== Problem details ==
Please retype, unchanged, each line from the top of the material below through the line where "5 bedroom cottage for sale 0" appears.

(Beginning of Exercise material)

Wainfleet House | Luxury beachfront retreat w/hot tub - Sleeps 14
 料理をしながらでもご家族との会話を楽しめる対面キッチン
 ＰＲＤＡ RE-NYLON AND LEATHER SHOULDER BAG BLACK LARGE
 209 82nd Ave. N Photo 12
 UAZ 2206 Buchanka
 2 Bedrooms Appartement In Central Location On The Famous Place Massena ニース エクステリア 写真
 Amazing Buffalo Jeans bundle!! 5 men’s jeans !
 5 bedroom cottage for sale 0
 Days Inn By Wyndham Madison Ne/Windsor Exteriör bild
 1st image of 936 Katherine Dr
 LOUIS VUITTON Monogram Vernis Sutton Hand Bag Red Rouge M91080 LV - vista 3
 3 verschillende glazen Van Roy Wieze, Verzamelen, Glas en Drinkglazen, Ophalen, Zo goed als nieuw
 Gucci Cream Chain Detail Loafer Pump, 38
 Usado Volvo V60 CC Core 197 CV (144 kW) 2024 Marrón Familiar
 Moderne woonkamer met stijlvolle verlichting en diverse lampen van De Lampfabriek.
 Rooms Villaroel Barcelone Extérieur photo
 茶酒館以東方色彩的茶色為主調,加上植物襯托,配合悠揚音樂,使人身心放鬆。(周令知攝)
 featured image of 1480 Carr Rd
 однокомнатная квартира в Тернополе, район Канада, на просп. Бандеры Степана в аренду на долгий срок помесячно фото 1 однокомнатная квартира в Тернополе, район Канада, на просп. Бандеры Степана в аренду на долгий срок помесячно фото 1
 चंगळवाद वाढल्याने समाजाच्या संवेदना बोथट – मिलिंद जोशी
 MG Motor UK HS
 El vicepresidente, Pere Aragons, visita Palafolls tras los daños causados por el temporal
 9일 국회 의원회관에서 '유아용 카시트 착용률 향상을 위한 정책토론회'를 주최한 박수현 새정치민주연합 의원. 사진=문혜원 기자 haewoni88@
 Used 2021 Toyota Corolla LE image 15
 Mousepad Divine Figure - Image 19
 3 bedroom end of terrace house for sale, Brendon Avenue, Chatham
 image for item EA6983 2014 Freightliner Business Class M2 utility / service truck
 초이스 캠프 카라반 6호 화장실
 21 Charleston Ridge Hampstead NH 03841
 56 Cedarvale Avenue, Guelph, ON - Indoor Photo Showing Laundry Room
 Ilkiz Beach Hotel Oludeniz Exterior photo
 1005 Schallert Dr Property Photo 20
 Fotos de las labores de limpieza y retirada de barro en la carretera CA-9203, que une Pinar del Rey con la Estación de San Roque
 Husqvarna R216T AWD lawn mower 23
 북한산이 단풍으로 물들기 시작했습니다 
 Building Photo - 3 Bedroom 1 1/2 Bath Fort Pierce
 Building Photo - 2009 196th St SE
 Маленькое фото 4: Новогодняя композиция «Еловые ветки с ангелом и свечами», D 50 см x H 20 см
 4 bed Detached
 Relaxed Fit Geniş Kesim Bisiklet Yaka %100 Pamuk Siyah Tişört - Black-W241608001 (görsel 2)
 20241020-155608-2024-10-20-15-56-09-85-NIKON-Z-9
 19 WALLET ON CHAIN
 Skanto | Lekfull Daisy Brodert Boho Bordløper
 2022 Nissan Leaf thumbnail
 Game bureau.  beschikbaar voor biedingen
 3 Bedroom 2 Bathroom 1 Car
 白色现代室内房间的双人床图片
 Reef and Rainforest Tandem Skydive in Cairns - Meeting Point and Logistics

(End of Exercise material)

== Expected answer ==
Wainfleet House | Luxury beachfront retreat w/hot tub - Sleeps 14
 料理をしながらでもご家族との会話を楽しめる対面キッチン
 ＰＲＤＡ RE-NYLON AND LEATHER SHOULDER BAG BLACK LARGE
 209 82nd Ave. N Photo 12
 UAZ 2206 Buchanka
 2 Bedrooms Appartement In Central Location On The Famous Place Massena ニース エクステリア 写真
 Amazing Buffalo Jeans bundle!! 5 men’s jeans !
 5 bedroom cottage for sale 0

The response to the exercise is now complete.